Pisz wprost, to żadne zabezpieczenie a zbycie majątku z pokrzywdzeniem wierzycieli. Taka czynność może zostać uznana za nieważną w stosunku do wierzycieli. W ostateczności matce może grozić odpowiedzialność karna.
Trochę trudno jest ocenić sytuację przy tak ogólnym opisie, ale rozważyłabym udanie się osobiście do prawnika po ocenę, czy w sprawie nie ma przesłanek do żądania ustanowienia przymusowej rozdzielności majątkowej z datą wsteczną (art. 52 kro).
Intercyza, czyli umowa majątkowa małżeńska, zawierana jest zgodnie z art. 47 Kodeksu rodzinnego i opiekuńczego (KRO). Zawarcie intercyzy po powstaniu długów przez jednego z małżonków nie chroni automatycznie majątku wspólnego przed zajęciem komorniczym. Wierzyciele mogą bowiem skutecznie dochodzić swoich roszczeń również wobec majątku, który został nabyty przed zawarciem intercyzy, jeśli długi powstały przed jej zawarciem.
Ponadto, zgodnie z art. 527 § 2 Kodeksu cywilnego (KC), wierzyciele mogą zakwestionować taką czynność prawną, jeśli intercyza została zawarta z zamiarem pokrzywdzenia wierzycieli. Taka czynność może zostać uznana za czynność prawną dokonaną z pokrzywdzeniem wierzycieli (tzw. actio pauliana), co może skutkować jej unieważnieniem w stosunku do wierzycieli.
Jeżeli chodzi o przymusową rozdzielność majątkową, art. 52 KRO przewiduje możliwość jej ustanowienia przez sąd na wniosek jednego z małżonków w przypadkach uzasadnionych szczególnymi okolicznościami. Jednakże ustanowienie rozdzielności majątkowej z datą wsteczną jest skomplikowaną kwestią prawną i wymaga indywidualnej analizy przypadku przez specjalistę.

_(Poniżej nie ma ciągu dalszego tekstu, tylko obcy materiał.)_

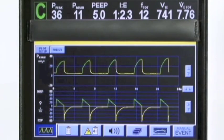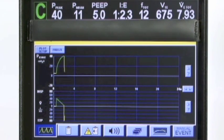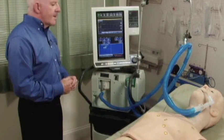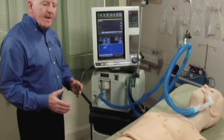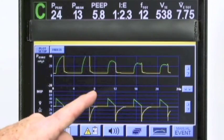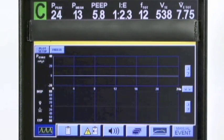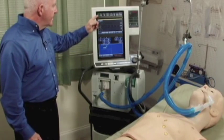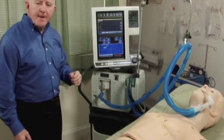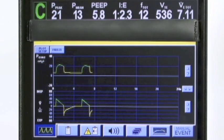Now, if we make the lung looser or increase the numeric compliance value, once again while the mannequin is fully operational, maintaining complete realism while HAL is ventilating above his set PEEP level, we see a return to lower peak pressures and very realistic respiratory graphics.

W konkluzji, w sytuacji istnienia znaczących długów przez jednego z małżonków, zawarcie intercyzy może nie być skuteczną ochroną przed zajęciem majątku przez komornika. Ważne jest także, aby dokładnie przeanalizować sytuację prawną, biorąc pod uwagę specyfikę konkretnego przypadku, oraz skonsultować się z prawnikiem specjalizującym się w prawie rodzinnym i cywilnym.